## ACTIVITY
With the pictures omitted, output word for word the lines from the one containing "While the ignition" through the end of the records.

══ PROVIDED DATA ══

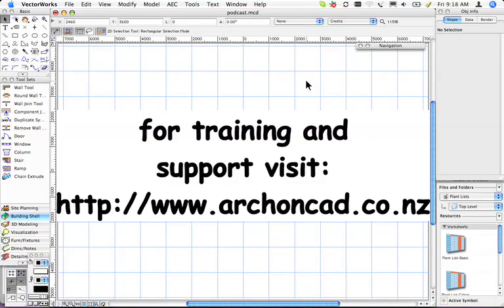I'd like to thank you for joining me for the podcast. If you need training or support or any of my wonderful manuals, come to www.archoncad.co.nz. Thanks, bye.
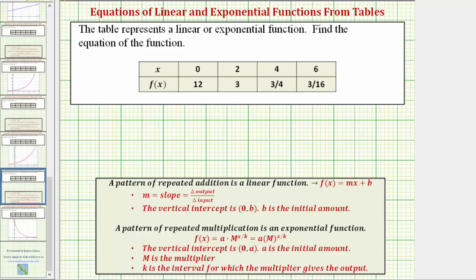Analyzing the table, notice how the x values or inputs increase by two each time. Now let's see if we can determine the pattern in the function values or the outputs. Notice how the function values go from twelve to three, then three to three fourths, and then three fourths to three sixteenths.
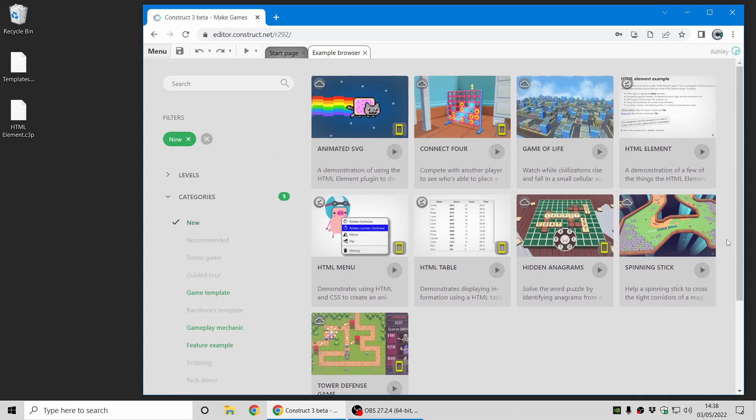And as ever there's plenty more new in this release. Loads of bug fixes, changes, usability improvements, optimizations and so on. So see the full release notes for the complete details. I've just covered a brief summary here. That's all for today. Thank you and we hope you enjoy this release.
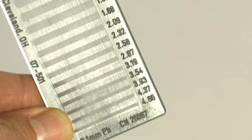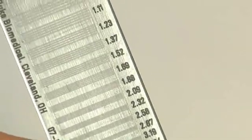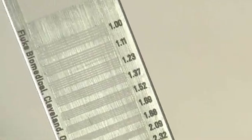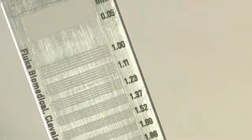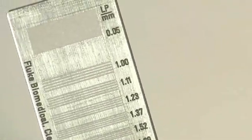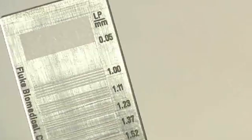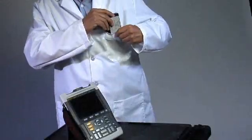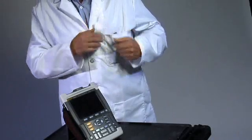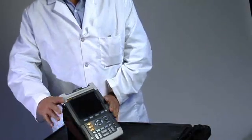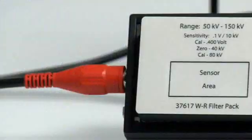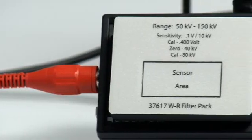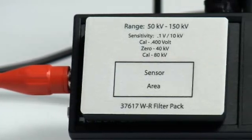A gradient on the line pair test pattern will indicate in line pairs per millimeter the value of the clearly visualized segment. Compact, convenient, accurate, and the Fluke reliability you can trust.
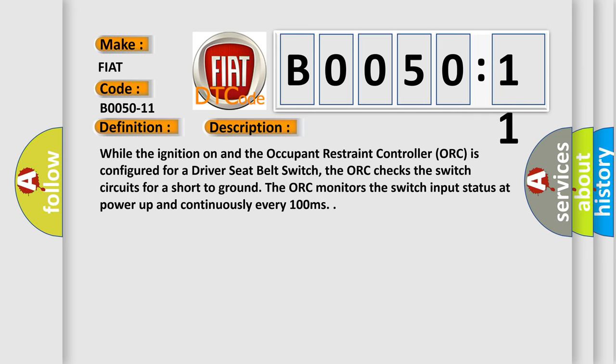While the ignition is on and the occupant restraint controller AUK is configured for a driver seat belt switch, the AUK checks the switch circuits for a short to ground. The AUK monitors the switch input status at power up and continuously every 100 milliseconds.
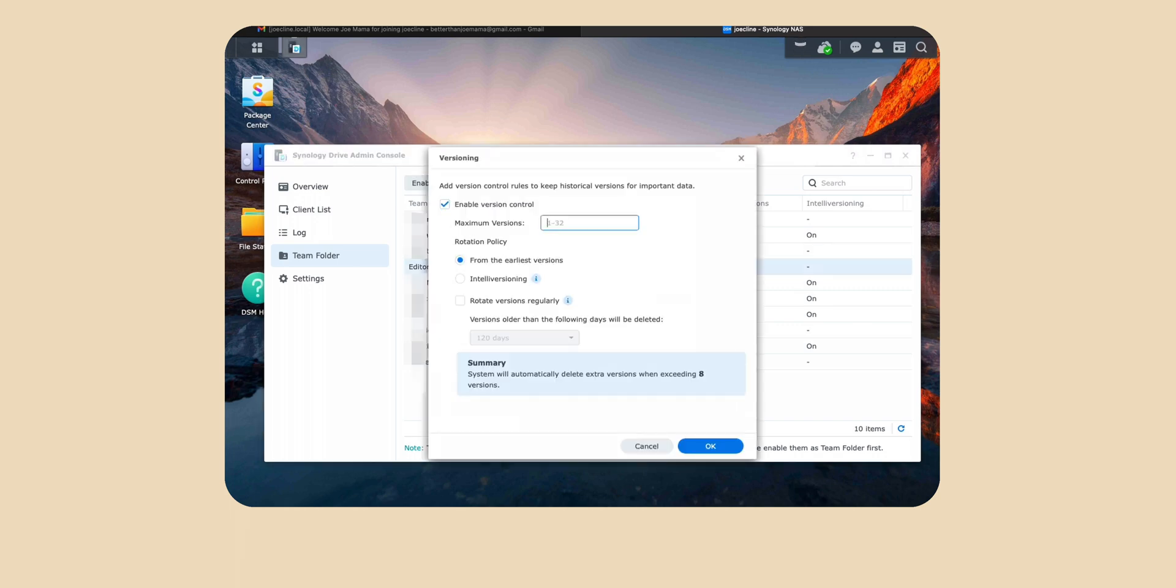Now from here you want to set this number to whatever you desire. For me I do three so it doesn't fill up my drive. From there just click ok. Now from here you're done. Now it's time to go over to the editor's computer and set up their computer to receive files.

═══

## OUTPUT FOR THIS TASK
While the ignition is on and the occupant restraint controller AUK is configured for a driver seat belt switch, the AUK checks the switch circuits for a short to ground. The AUK monitors the switch input status at power up and continuously every 100 milliseconds.
Now from here you want to set this number to whatever you desire. For me I do three so it doesn't fill up my drive. From there just click ok. Now from here you're done. Now it's time to go over to the editor's computer and set up their computer to receive files.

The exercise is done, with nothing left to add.